• _What is needed_: The reply should consist solely of the lines from the one with "Image of EAMTI" through the final line of the listing, copied exactly, with no pictures.

• _Data section_:
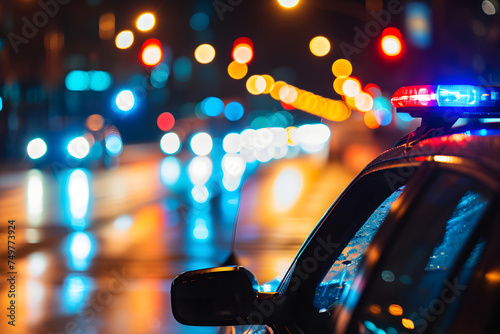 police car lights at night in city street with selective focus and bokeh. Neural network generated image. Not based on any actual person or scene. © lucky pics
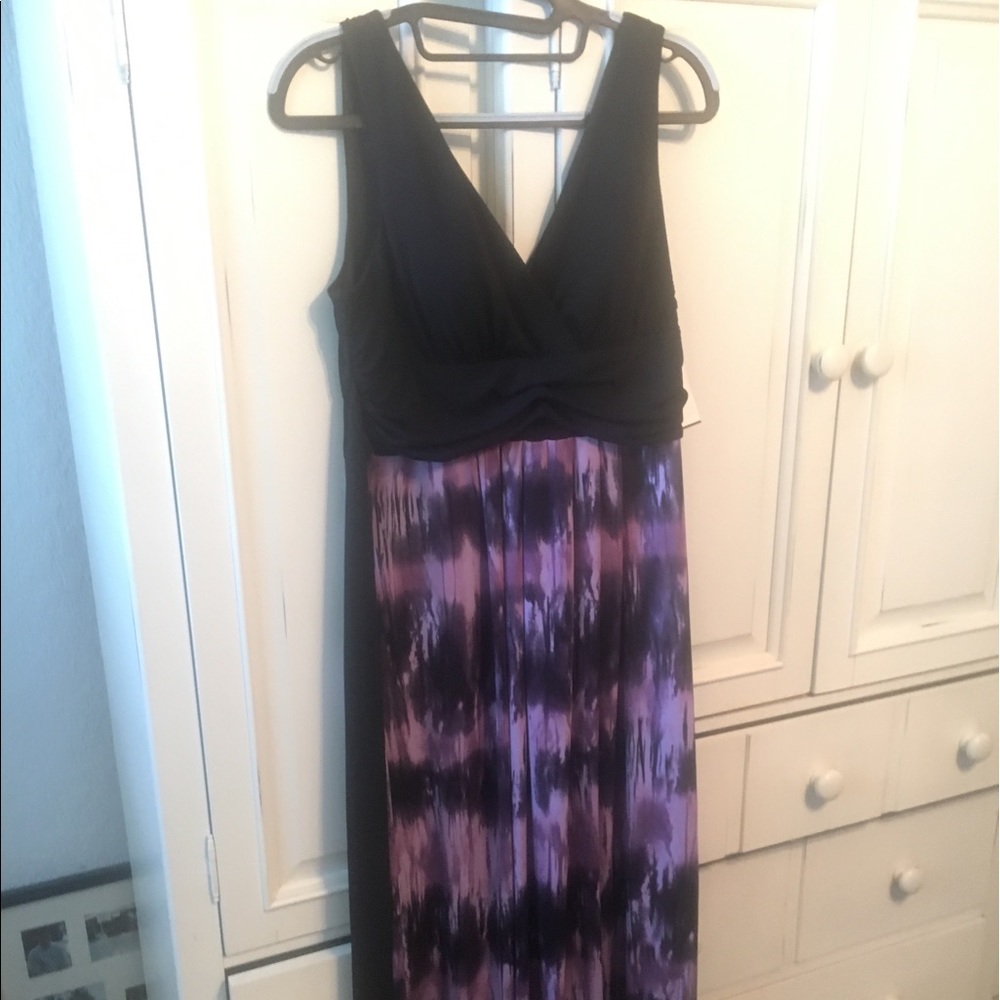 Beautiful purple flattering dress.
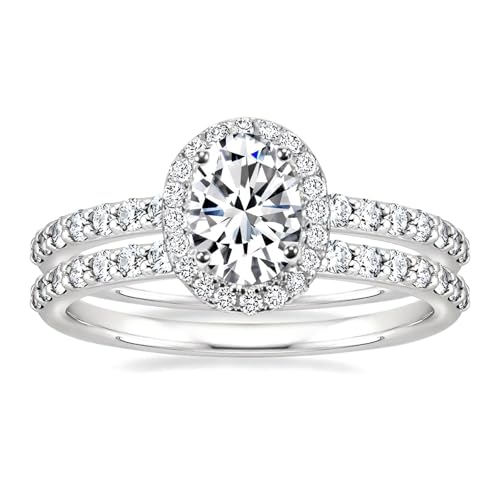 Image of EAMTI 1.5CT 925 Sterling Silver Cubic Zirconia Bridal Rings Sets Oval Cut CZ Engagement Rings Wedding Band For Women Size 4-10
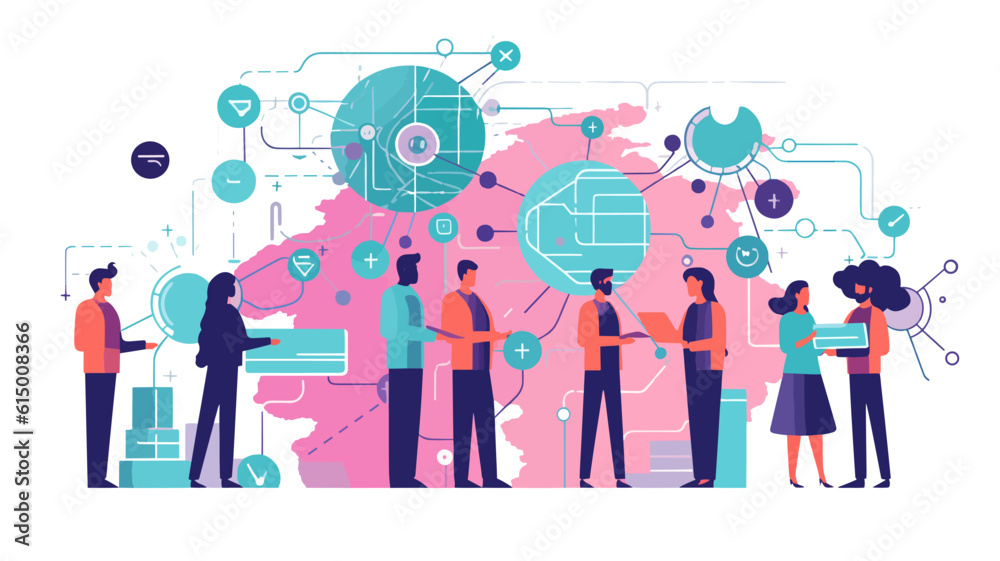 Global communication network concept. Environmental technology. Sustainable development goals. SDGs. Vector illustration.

• _Response for this exercise_:
 Image of EAMTI 1.5CT 925 Sterling Silver Cubic Zirconia Bridal Rings Sets Oval Cut CZ Engagement Rings Wedding Band For Women Size 4-10
 Global communication network concept. Environmental technology. Sustainable development goals. SDGs. Vector illustration.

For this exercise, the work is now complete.